Data supplied:
○ ○ ○ ○ ○ ○ ○

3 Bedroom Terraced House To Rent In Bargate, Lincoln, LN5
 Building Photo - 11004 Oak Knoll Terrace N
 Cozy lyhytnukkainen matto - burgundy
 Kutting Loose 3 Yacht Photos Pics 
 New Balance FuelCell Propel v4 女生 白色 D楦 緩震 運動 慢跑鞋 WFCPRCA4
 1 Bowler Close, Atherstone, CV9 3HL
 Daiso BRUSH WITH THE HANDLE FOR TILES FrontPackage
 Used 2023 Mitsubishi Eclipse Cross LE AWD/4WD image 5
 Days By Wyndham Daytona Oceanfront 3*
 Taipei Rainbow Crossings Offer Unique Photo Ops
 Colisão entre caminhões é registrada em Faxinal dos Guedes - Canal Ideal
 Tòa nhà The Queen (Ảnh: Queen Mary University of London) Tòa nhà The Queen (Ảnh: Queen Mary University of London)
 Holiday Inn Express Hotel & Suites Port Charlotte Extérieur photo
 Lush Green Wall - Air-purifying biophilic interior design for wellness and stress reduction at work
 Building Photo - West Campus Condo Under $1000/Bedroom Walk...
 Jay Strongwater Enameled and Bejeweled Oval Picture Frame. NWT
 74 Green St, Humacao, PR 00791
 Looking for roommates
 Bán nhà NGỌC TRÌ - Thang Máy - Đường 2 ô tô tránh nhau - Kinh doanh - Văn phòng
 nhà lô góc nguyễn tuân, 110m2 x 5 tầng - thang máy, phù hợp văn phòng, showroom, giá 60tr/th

○ ○ ○ ○ ○ ○ ○

Work request:
The reply must consist solely of the lines from the one containing "Building Photo - 11004 Oak Knoll Terrace N" through the last line of the data, reproduced exactly.

Exercise result:
 Building Photo - 11004 Oak Knoll Terrace N
 Cozy lyhytnukkainen matto - burgundy
 Kutting Loose 3 Yacht Photos Pics 
 New Balance FuelCell Propel v4 女生 白色 D楦 緩震 運動 慢跑鞋 WFCPRCA4
 1 Bowler Close, Atherstone, CV9 3HL
 Daiso BRUSH WITH THE HANDLE FOR TILES FrontPackage
 Used 2023 Mitsubishi Eclipse Cross LE AWD/4WD image 5
 Days By Wyndham Daytona Oceanfront 3*
 Taipei Rainbow Crossings Offer Unique Photo Ops
 Colisão entre caminhões é registrada em Faxinal dos Guedes - Canal Ideal
 Tòa nhà The Queen (Ảnh: Queen Mary University of London) Tòa nhà The Queen (Ảnh: Queen Mary University of London)
 Holiday Inn Express Hotel & Suites Port Charlotte Extérieur photo
 Lush Green Wall - Air-purifying biophilic interior design for wellness and stress reduction at work
 Building Photo - West Campus Condo Under $1000/Bedroom Walk...
 Jay Strongwater Enameled and Bejeweled Oval Picture Frame. NWT
 74 Green St, Humacao, PR 00791
 Looking for roommates
 Bán nhà NGỌC TRÌ - Thang Máy - Đường 2 ô tô tránh nhau - Kinh doanh - Văn phòng
 nhà lô góc nguyễn tuân, 110m2 x 5 tầng - thang máy, phù hợp văn phòng, showroom, giá 60tr/th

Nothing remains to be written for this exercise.